Arcia’s strength has been prevalent throughout his professional career. In the minors he displayed a more balanced approached at the plate with less of a leg-lift stride that allowed him to use all fields. Of course, Arcia has eschewed this style for his prefered all-or-nothing pull approach at the major league level that has paid off well as of late.
Take a look at his follow through earlier this season:
His front side opens far too much -- particularly on a pitch that was middle-in in the example above. This pitch was an off-speed that Arcia did not stay back on and flew open in a failed attempt to yank it on to Nicollet Mall. If he continued to do this, he would see a reduced coverage on the outer-half of the plate (which he did) and this is something that can been seen throughout his at bats early in the season.

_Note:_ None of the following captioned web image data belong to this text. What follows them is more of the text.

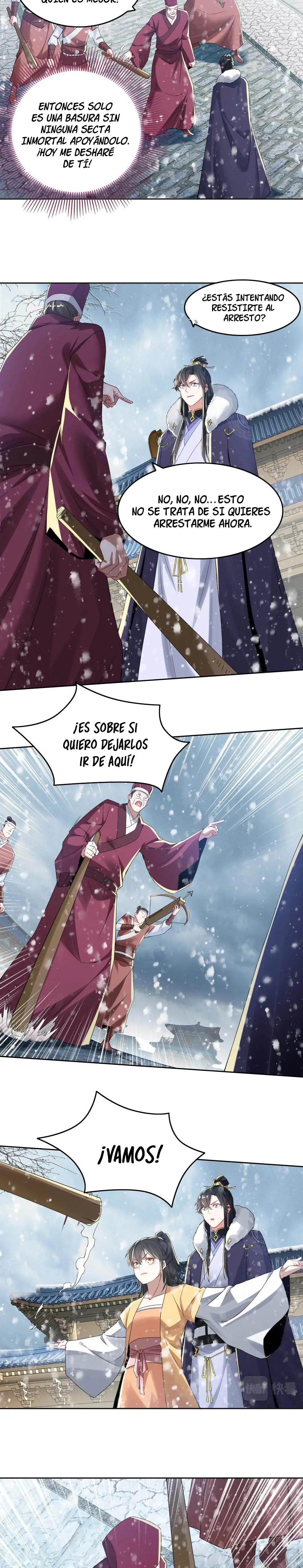 Si No Muero Realmente Sere Invencible — Capítulo 16 — 10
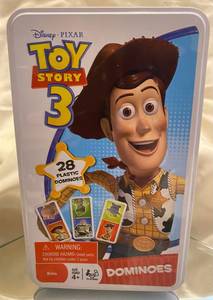 lot 305 image: Disney Pixar Toy Story 3 Dominos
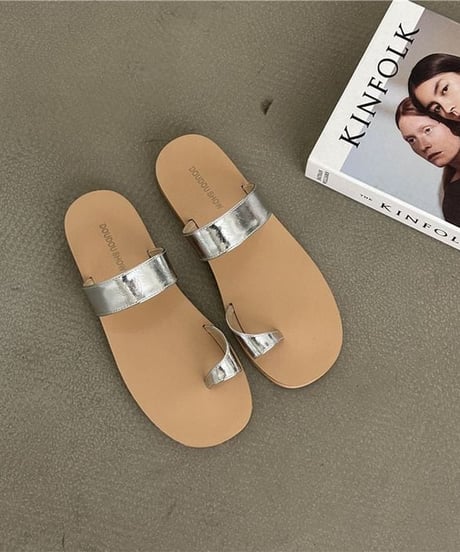 minimal design sandal　FL2255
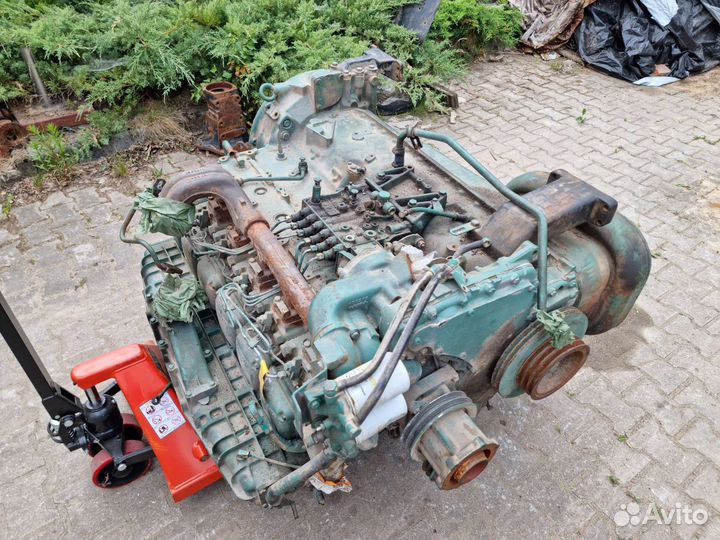 Двигатель Volvo Penta Twd 1031VE на комбайн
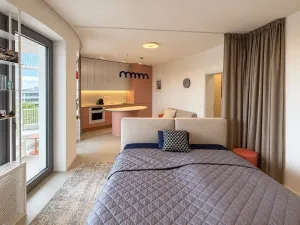 Prodej bytu 1+kk, Brno, Řepova, 42 m2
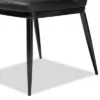 Set Of 4 Darcell Modern And Contemporary Faux Leather Upholstered Dining Chairs - Baxton Studio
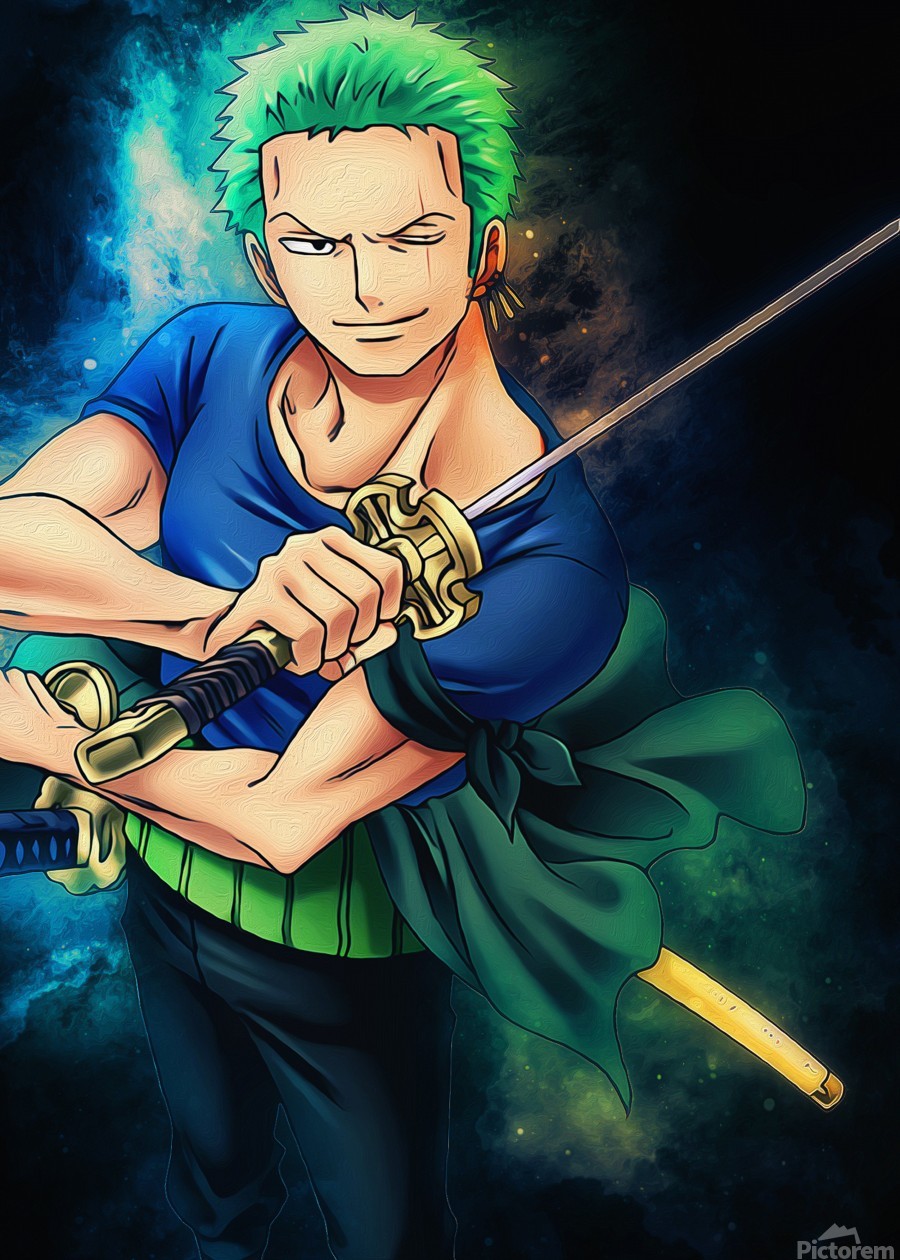 Zoro ONE PIECE - Coolbits Artworks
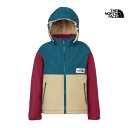 セール THE NORTH FACE ザ・ノース・フェイス キッズ グランド コンパクト ノマド ジャケット KIDS GRAND COMPACT NOMAD JACKET ウインドブレーカー アウター NPJ72434 キッズ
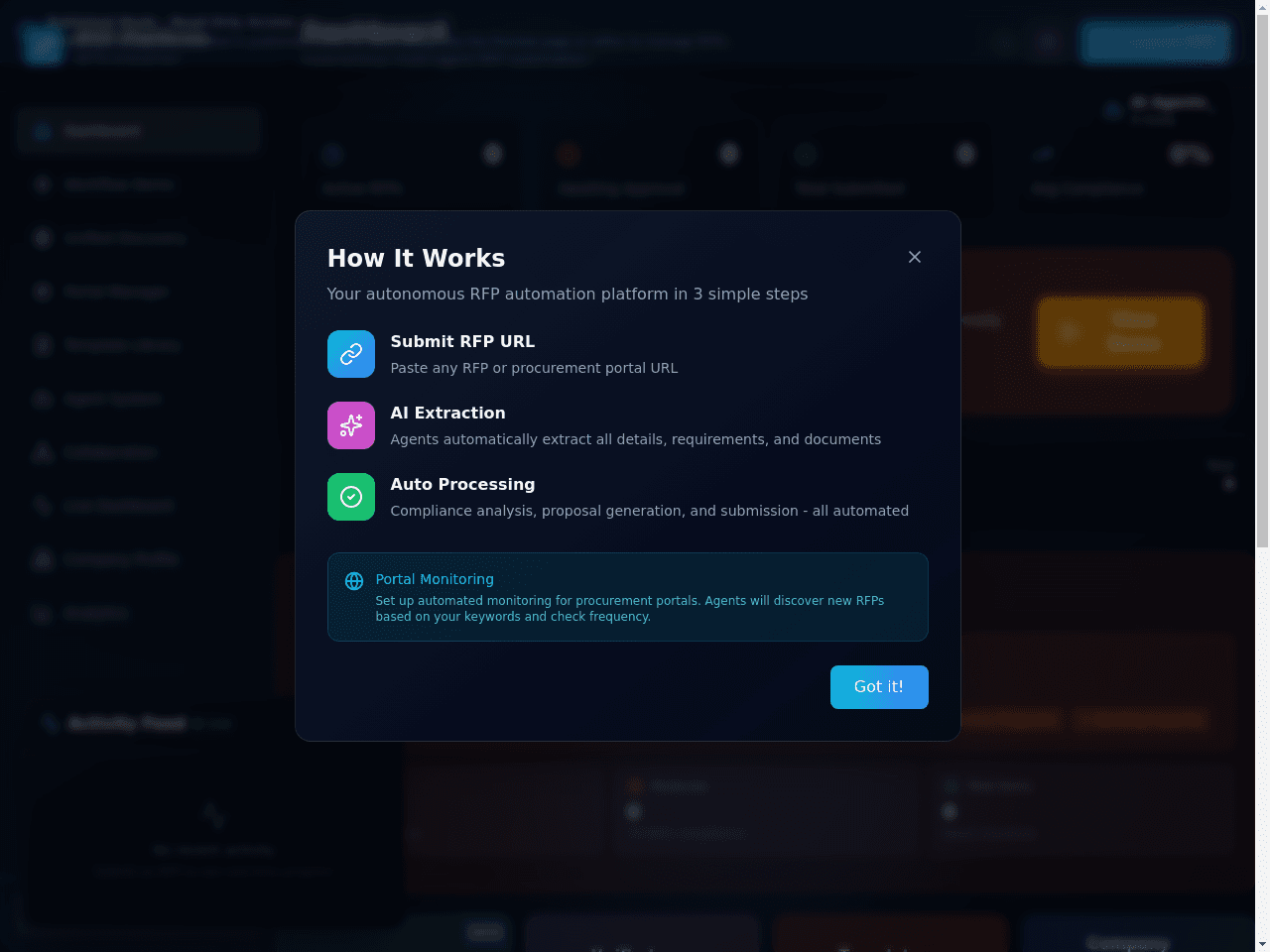 RFP Agent Portal (Backup v2)
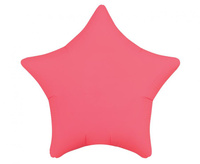 Balon foliowy Gwiazda, fluor czerwony, 19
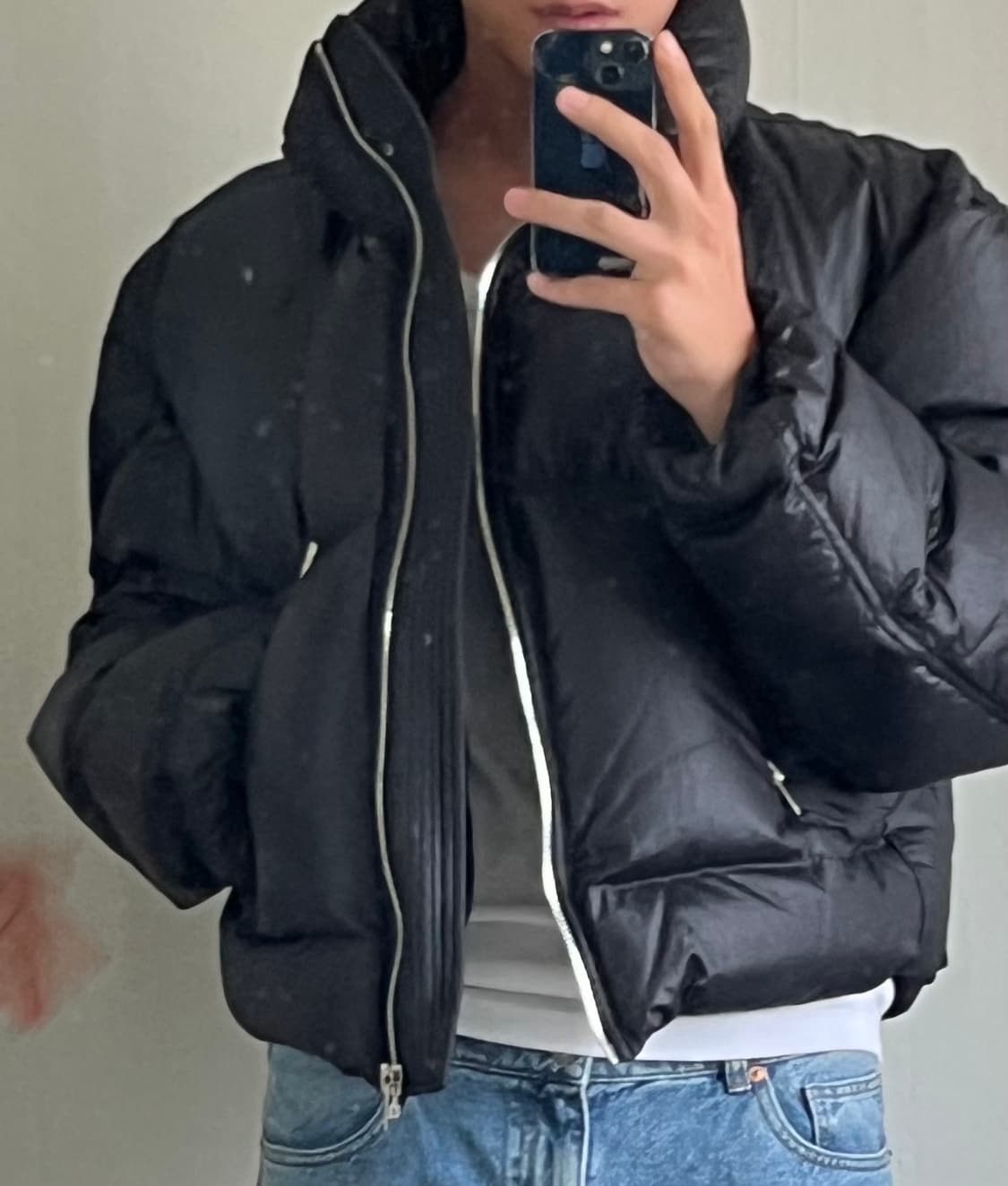 렉토 샤이닝 패딩 상품이미지2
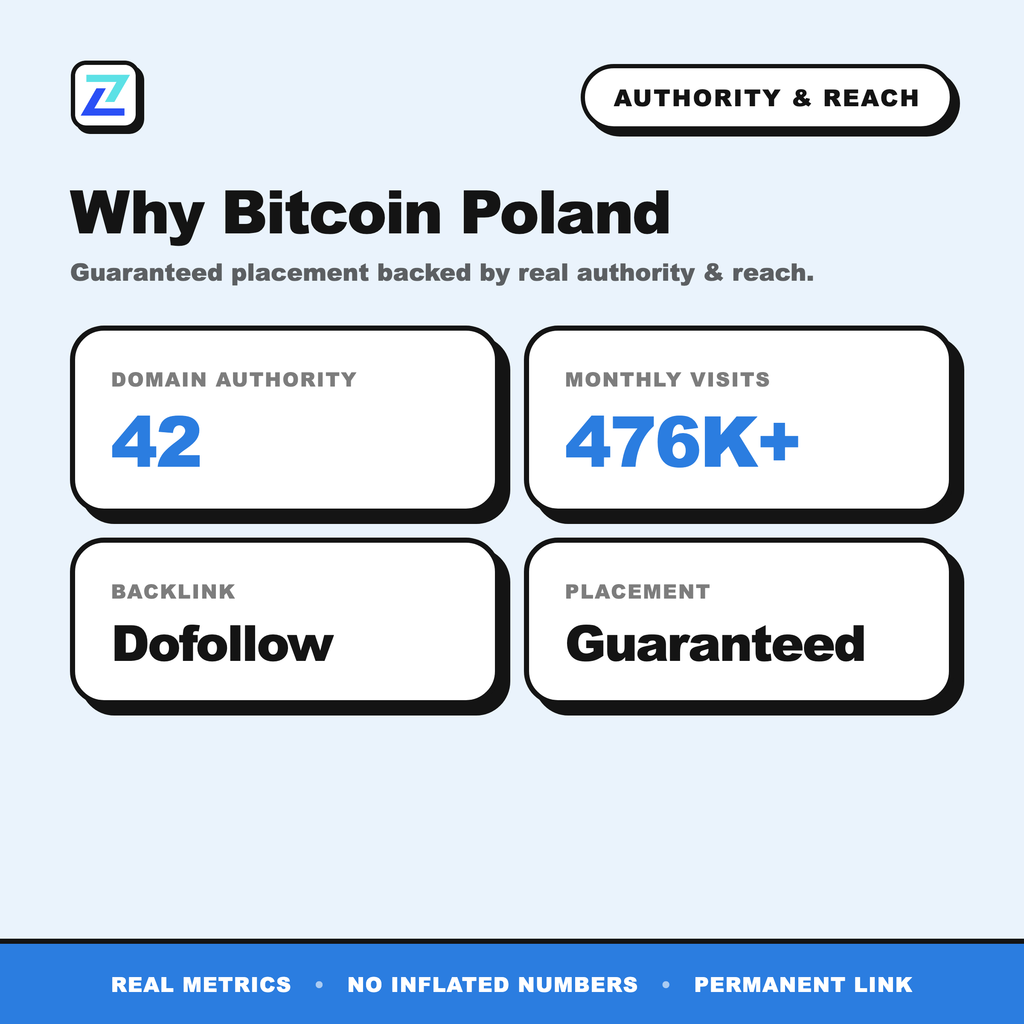 Bitcoin Poland authority and reach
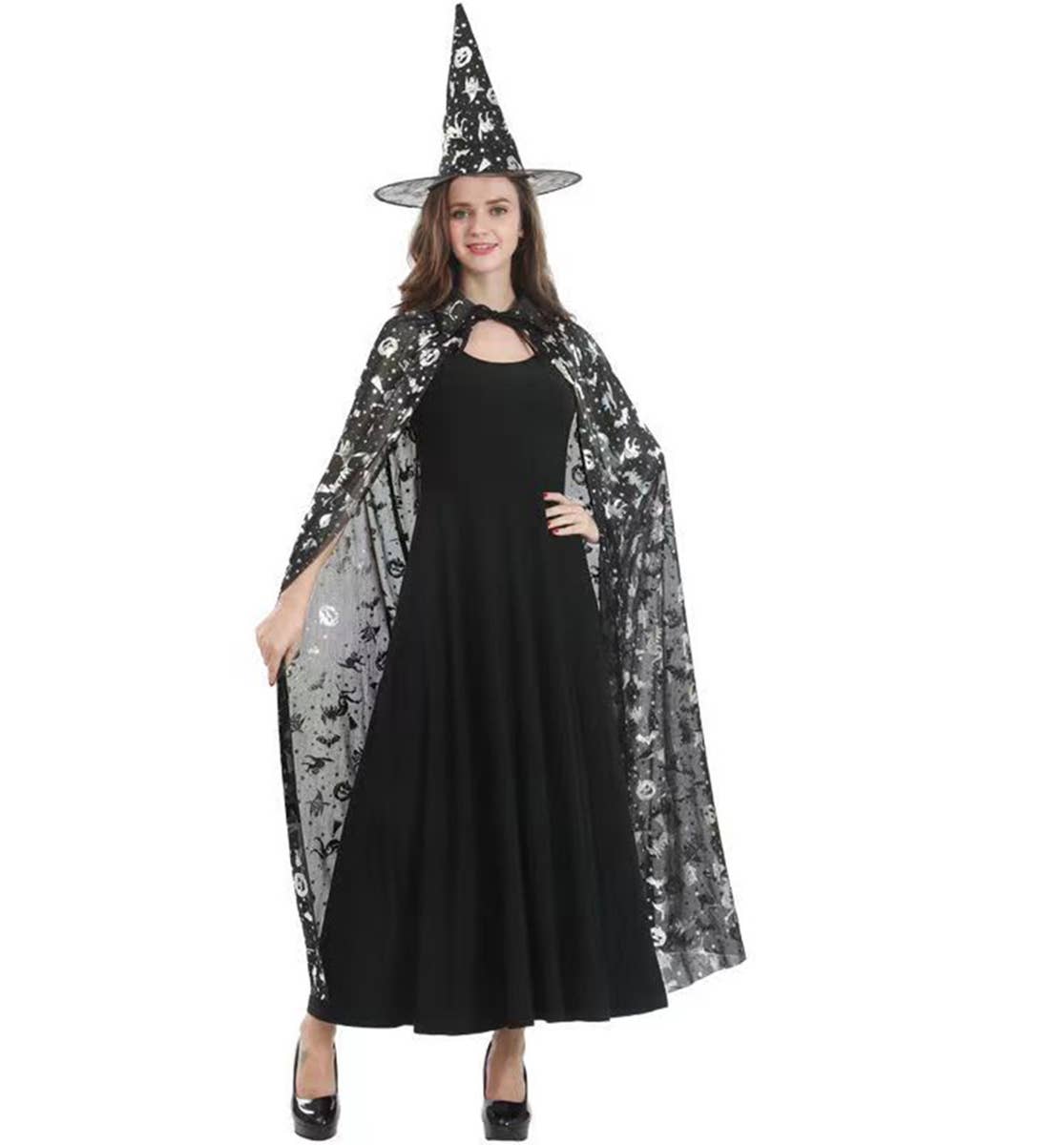 Cwmm9545_Halloween Bonus Party Hat Cape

As I pointed out in June, because Arcia drops his hands, he has already shown a weakness to fastballs up in the zone and the Twins were trying to fix that issue as well. By the end of July, he was hitting a paltry .219/.299/.383. Needless to say, here was a lot to work on for the talented young slugger and, if his August numbers have anything to say about it, he appears to have had turned a corner.
While Arcia’s focus may be on pulling the ball with ferocity, manager Ron Gardenhire has said that he would like the outfielder to temper his swing instead of trying to hit the ball “8,000 miles”. Though some may interpret that as an attempt to convert Arcia from a power hitter into a punch-and-judy slapper, the reality is the Twins were looking for him to stay in on the pitch in order to drive the ball. Since August 1, this message apparently has resonated with Arcia and he has remained closed instead of flying open:
This practice should be enable him to handle left-handed pitchers, who up to this point have been the bane of his existence.
The 23-year-old Arcia is making progress at the plate and it could spell more offense for the Twins in 2015.